“So beautiful, heart-breaking and unassumingly masterful – from beginning to end – The Florida Project is undoubtedly one of the best movies of 2017.” So reads the review in Australia’s Herald Sun about director Sean Baker’s sixth movie.
Shot on KODAK 35mm film, the $3M production premiered to critical acclaim at the 2017 Cannes Film Festival. It was rapidly snapped up by distributor A24 before going on wider release in October 2017, steadily accruing an abundance of similarly rapturous reviews across the world, as well as a mounting string of awards.
What has moved the critics so much is how The Florida Project delivers a vivid and empathetic look at an underrepresented portion of the US population – providing an absorbing viewing experience, while simultaneously raising sobering questions about social welfare in modern-day America.

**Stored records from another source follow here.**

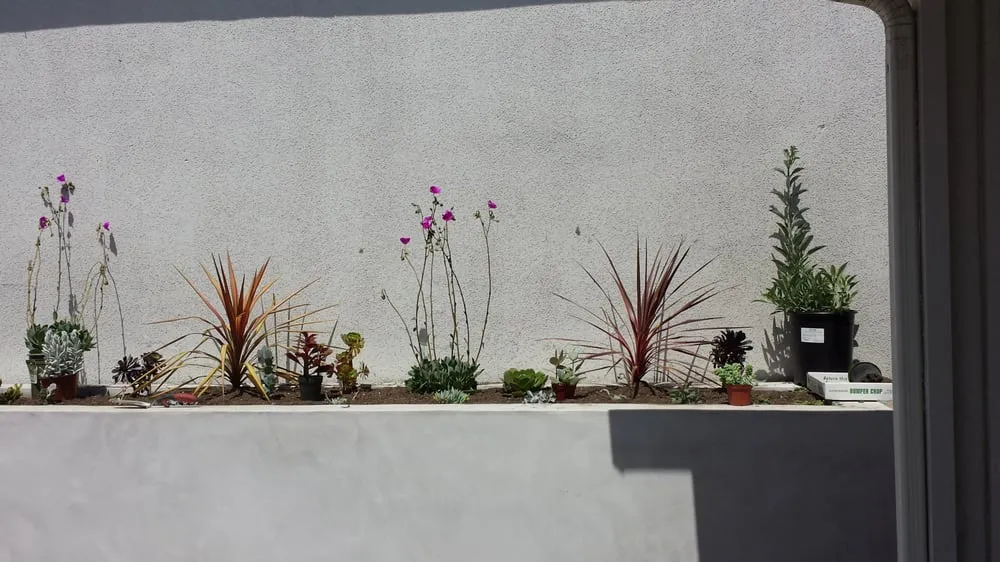 Trusted garden landscaping for residential properties in Los Angeles, CA by GB Landscaping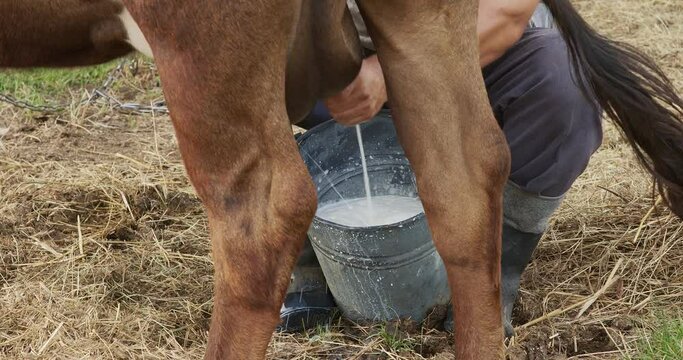 farmer is milking a cow with his hands, the view between the cow's legs
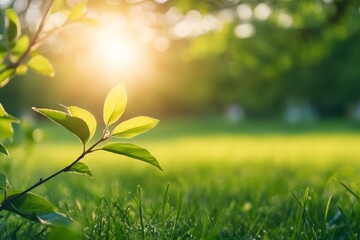 Poster - Bright, sunlit leaves capture the morning dew, glowing with fresh, vibrant green life, as daylight breaks, embodying growth, renewal, and the beauty of nature.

The plot follows six-year-old Moonee (Brooklynn Prince) who lives in the Magic Castle Motel, located nearby Disney World, Florida, with her rebellious mother Halley (Bria Vinaite). Moonee spends most of her day unsupervised, hanging out with other motel-resident kids, including Jancey, who lives at the Futureland Motel next door. The mischievous Moonee engages in pranks at other motels, scrounges from tourists at the local ice cream parlor, and even accidentally burns down a deserted condo, while her unemployable mother engages in various petty schemes to make ends meet. Bobby (Willem Dafoe), the manager of the Magic Castle Motel, keeps an avuncular eye over the residents. But when Halley invites unregistered guests to her motel room to perform personal services, even he cannot prevent Child Protective Services from intervening. When Moonee realizes she will be taken from her mother, she runs away with Jancey to hide in the throngs in front of Cinderella’s Castle in the nearby Disney resort.

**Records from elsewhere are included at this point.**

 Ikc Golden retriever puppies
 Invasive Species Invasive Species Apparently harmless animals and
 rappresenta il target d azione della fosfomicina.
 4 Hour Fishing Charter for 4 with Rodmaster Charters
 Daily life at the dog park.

In a deliberately ironic twist, the title of the film is derived from the early project name for that resort, when Walt Disney first developed his “community of tomorrow” ideals for the Sunshine State.

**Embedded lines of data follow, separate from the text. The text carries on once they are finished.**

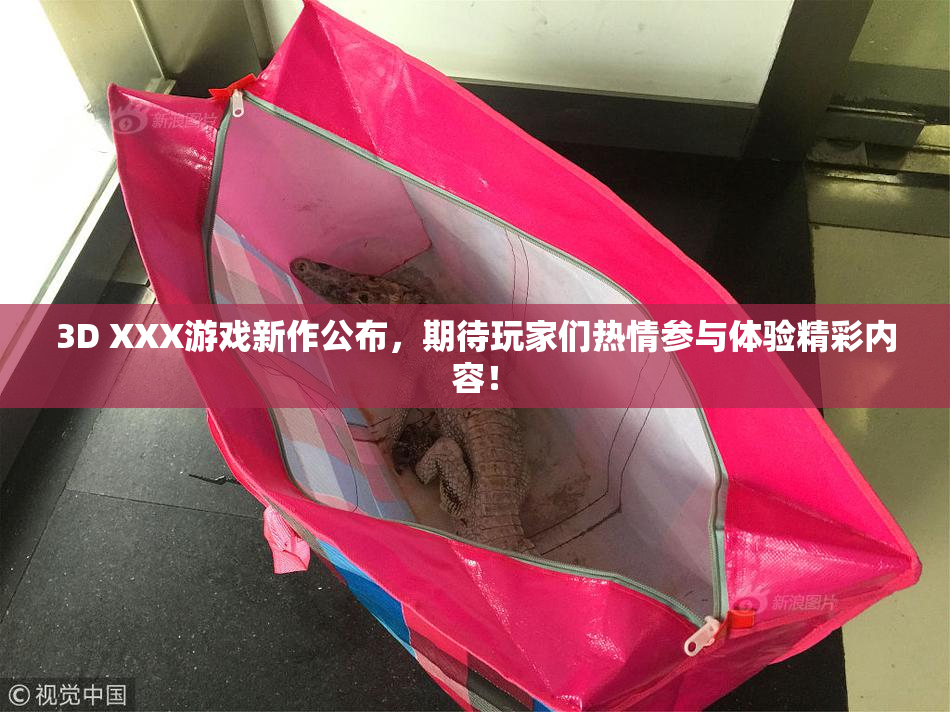 3D XXX游戏新作公布，期待玩家们热情参与体验精彩内容！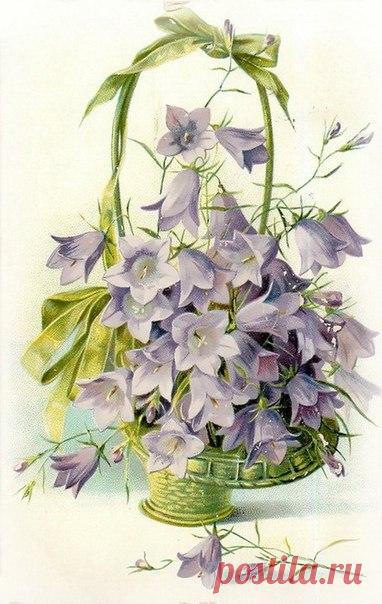 Винтажные открытки.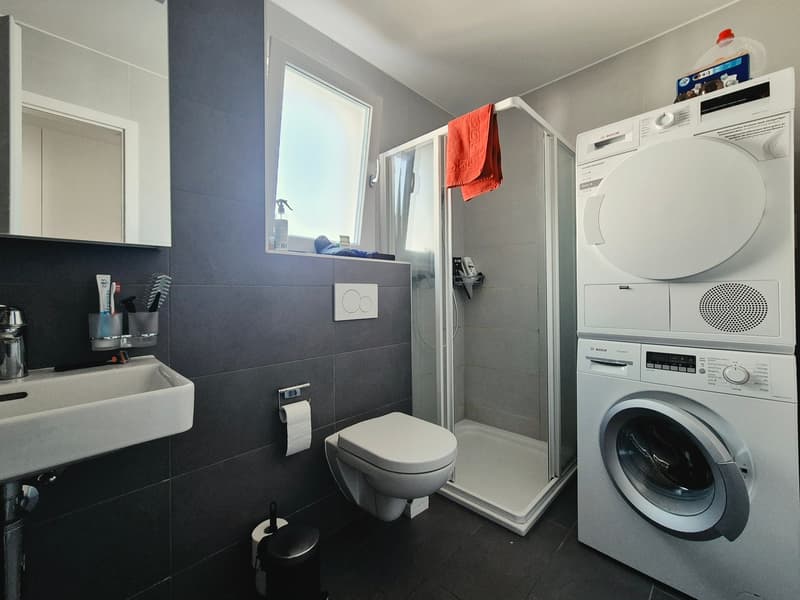 VILLAZ-ST-PIERRE / 2.5 rooms with balcony and washing column (8)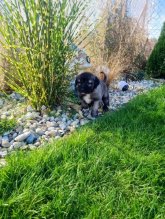 Kangal / Kangalský pastiersky pes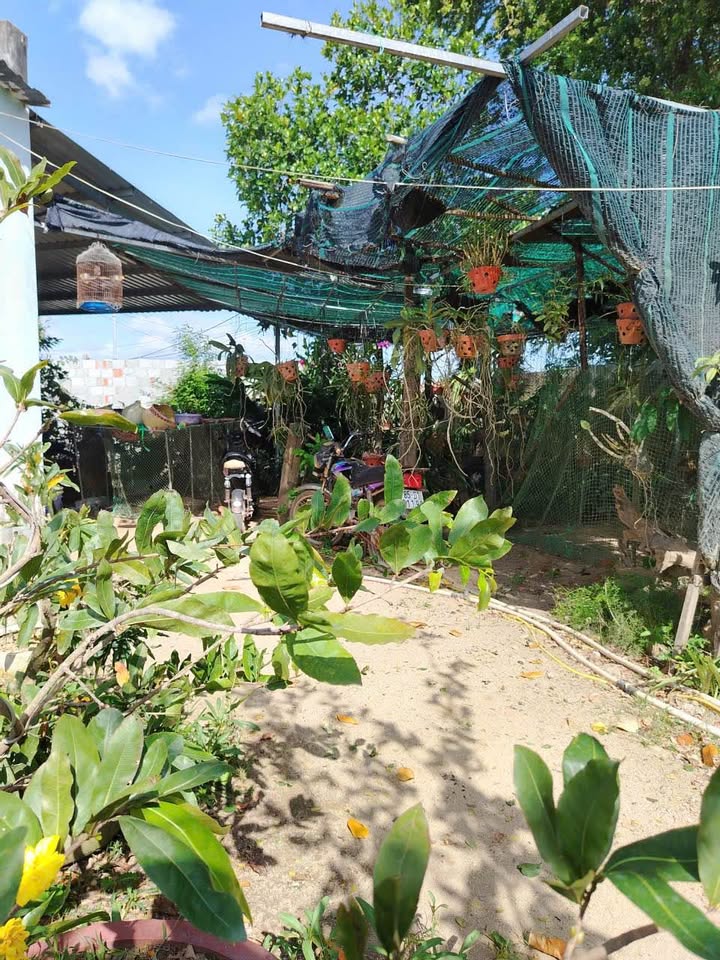 Cần bán nhà vườn tại khu phố 15, Bình Quý, Ninh Phước, Khánh Hòa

Production on The Florida Project was conducted over 35 days at the vividly-painted Magic Castle Motel in Kissimmee, located a short distance from Disney World along on Route 192. Filming on 35mm in widescreen Anamorphic was supervised by cinematographer Alexis Zabe.
Baker says the idea for the film was brought to his attention by his co-screenwriter Chris Bergoch. “Chris had become aware of these motels being the last refuge of families who cannot find permanent housing. He brought the situation to my attention via a series of news articles based on the same juxtaposition that we focussed on in the film – of children growing up in motels, just outside of the most magical and happiest place on earth for children.
“So, we took a trip there to see who was enthusiastic to tell us their story – not just motel residents but also motel workers and managers, small business owners and even the agencies that provide social services to those in need. We got a lot of information and quickly realized there was quite an opportunity to make an updated version of Hal Roach’s The Little Rascals (1922-44, aka Our Gang). Set against the poverty of The Great Depression in the U.S., they focussed on the comical adventures of black and white children interacting as equals and the joy of childhood. We felt we could use the recession of 2008, and the impact it had on families and children in the Kissimmee area, to make a modern-day version of those stories.”